# Uplander dog box



## Spa City (Jan 7, 2004)

Does anyone have any experience with these dog boxes? I would be interested in getting your feedback on them. Thanks!


----------



## Buck Mann (Apr 16, 2003)

I have an Uplander distributed by Rush River. It has a wood interior, foam insulation and aluminum exterior. I've had it for 3 years and have had no problems with it. The box is well built and has stood up to everything well.

Buck


----------



## Spa City (Jan 7, 2004)

*Uplander box*

I really appreciate the feedback. Knowing that you're in a southern climate is also of interest due to the heat we have to endure.
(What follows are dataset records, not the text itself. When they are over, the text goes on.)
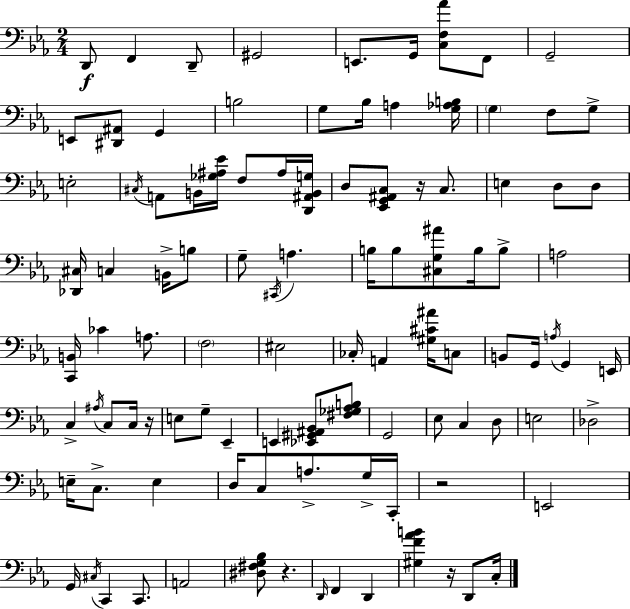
X:1
T:Untitled
M:2/4
L:1/4
K:Eb
D,,/2 F,, D,,/2 ^G,,2 E,,/2 G,,/4 [C,F,_A]/2 F,,/2 G,,2 E,,/2 [^D,,^A,,]/2 G,, B,2 G,/2 _B,/4 A, [G,_A,B,]/4 G, F,/2 G,/2 E,2 ^C,/4 A,,/2 B,,/4 [_G,^A,_E]/4 F,/2 ^A,/4 [D,,^A,,B,,G,]/4 D,/2 [_E,,G,,^A,,C,]/2 z/4 C,/2 E, D,/2 D,/2 [_D,,^C,]/4 C, B,,/4 B,/2 G,/2 ^C,,/4 A, B,/4 B,/2 [^C,G,^A]/2 B,/4 B,/2 A,2 [C,,B,,]/4 _C A,/2 F,2 ^E,2 _C,/4 A,, [^G,^C^A]/4 C,/2 B,,/2 G,,/4 A,/4 G,, E,,/4 C, ^A,/4 C,/2 C,/4 z/4 E,/2 G,/2 _E,, E,, [_E,,^G,,^A,,_B,,]/2 [^F,_G,_A,B,]/2 G,,2 _E,/2 C, D,/2 E,2 _D,2 E,/4 C,/2 E, D,/4 C,/2 A,/2 G,/4 C,,/4 z2 E,,2 G,,/4 ^C,/4 C,, C,,/2 A,,2 [^D,^F,G,_B,]/2 z D,,/4 F,, D,, [^G,F_AB] z/4 D,,/2 C,/4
Do you use it during the spring and summer?


----------



## Buck Mann (Apr 16, 2003)

It is well insulated and very cool in hot weather. I had the sliding ventilation openings put on all 3 sides. I just bought a new truck and put a cap on it. I'm selling my box if your are close to Florida.

Buck


----------



## Spa City (Jan 7, 2004)

I'm not close to Florida or I'd come see it. I'm looking at the diamond plate box. I really appreciate the offer and information. Maybe someone on this forum is close and interested in the aluminum box. Thanks again!


----------



## Guest (Jan 21, 2004)

Buck,

Do you have any pictures? How much do you want for it?


----------